**Exercise details**
Look through the entries below and copy exactly the part that begins with the line containing "Underside of the" and ends with the line containing "Louis Vuitton ルイヴィトン パイピング交換 修理｜モノグラム バッグ". Do not copy the pictures.

───── Data to process

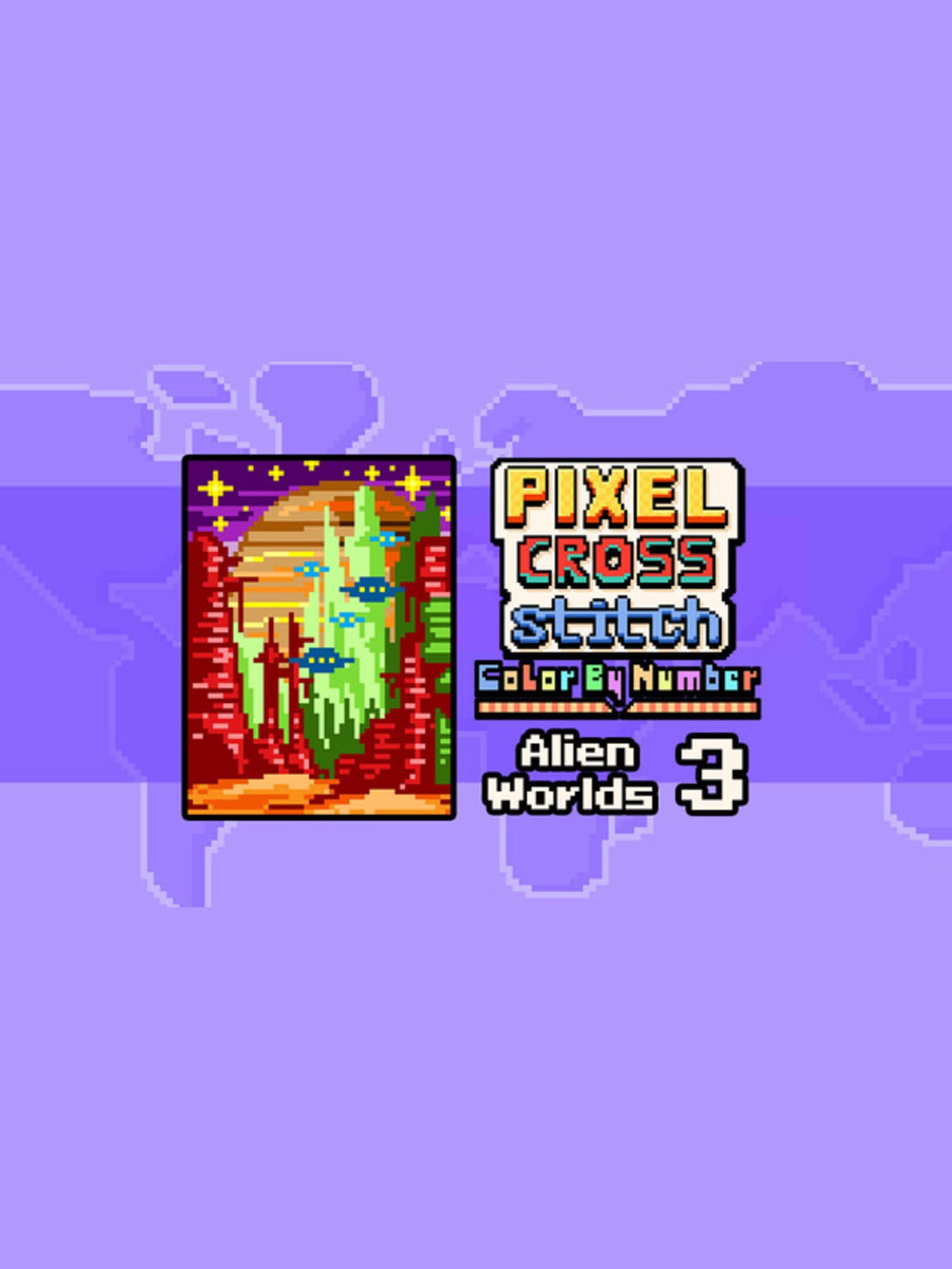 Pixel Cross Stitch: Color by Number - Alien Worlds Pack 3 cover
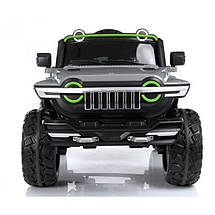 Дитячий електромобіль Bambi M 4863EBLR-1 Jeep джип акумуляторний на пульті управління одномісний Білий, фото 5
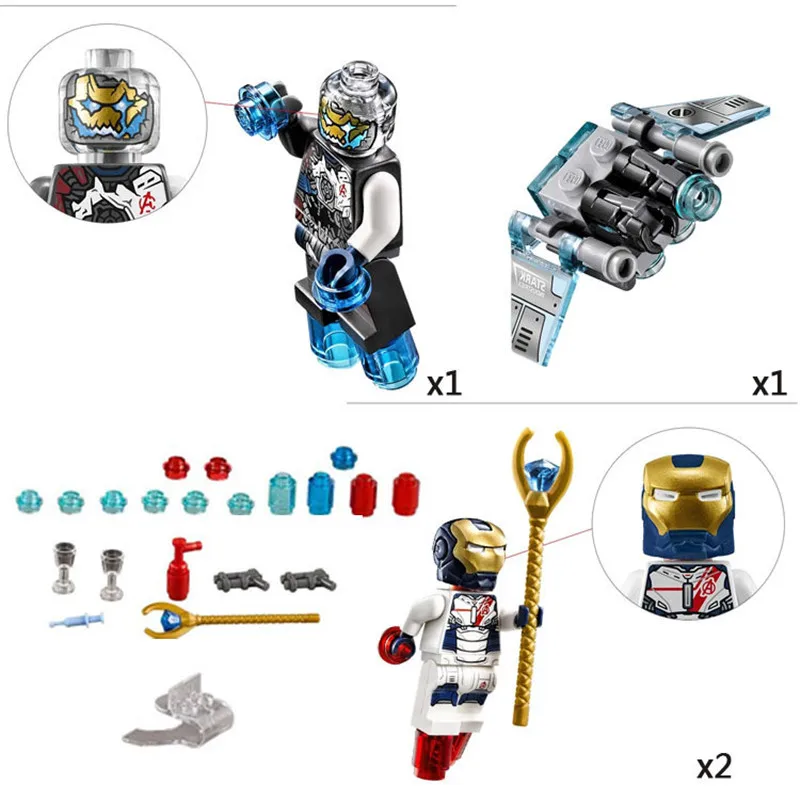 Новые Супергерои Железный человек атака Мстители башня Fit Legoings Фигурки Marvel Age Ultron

──────────
───── Data to process

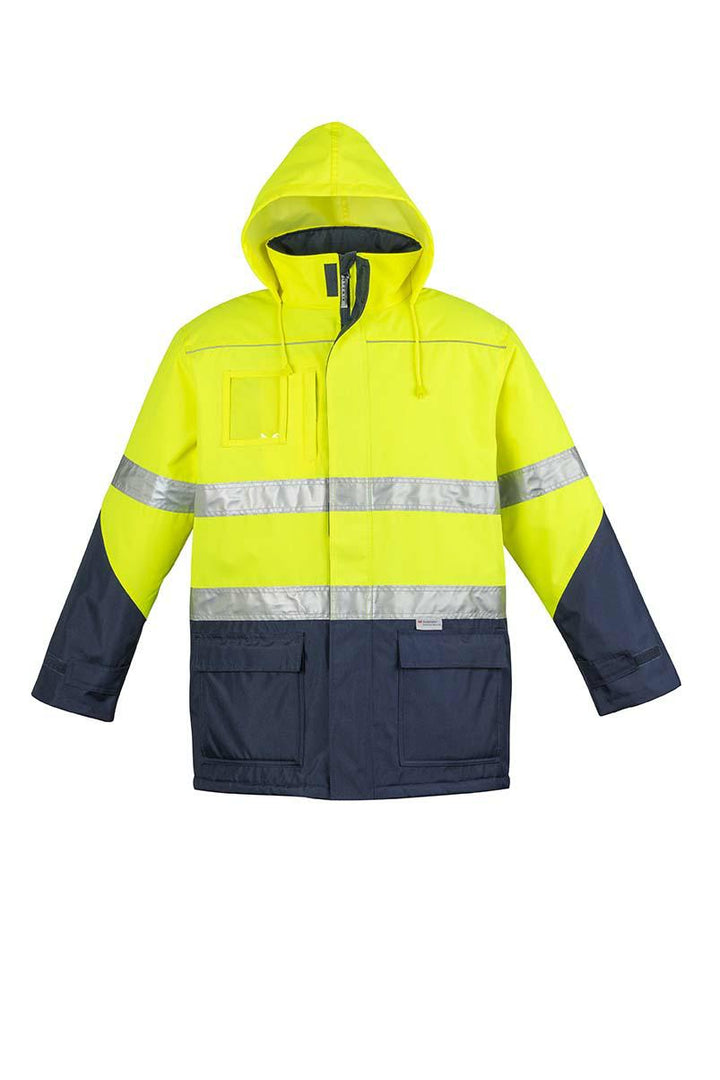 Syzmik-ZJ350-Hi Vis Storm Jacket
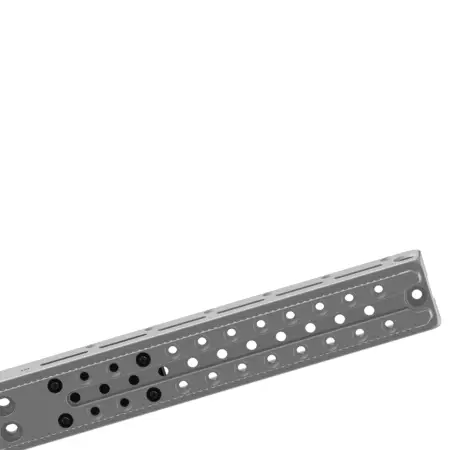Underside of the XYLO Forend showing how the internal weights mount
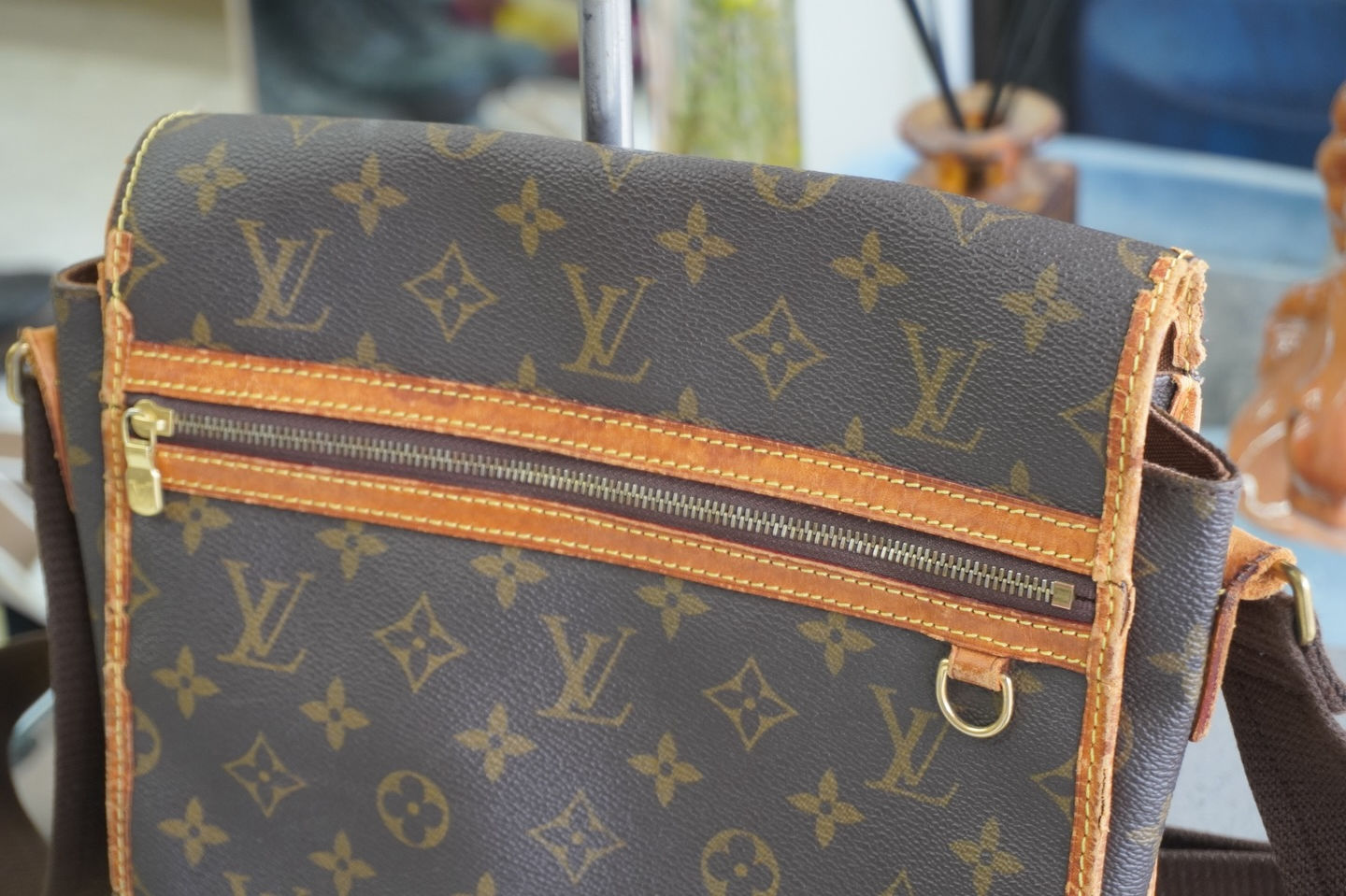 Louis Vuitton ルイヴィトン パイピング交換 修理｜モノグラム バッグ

──────────

**Task response**
Underside of the XYLO Forend showing how the internal weights mount
 Louis Vuitton ルイヴィトン パイピング交換 修理｜モノグラム バッグ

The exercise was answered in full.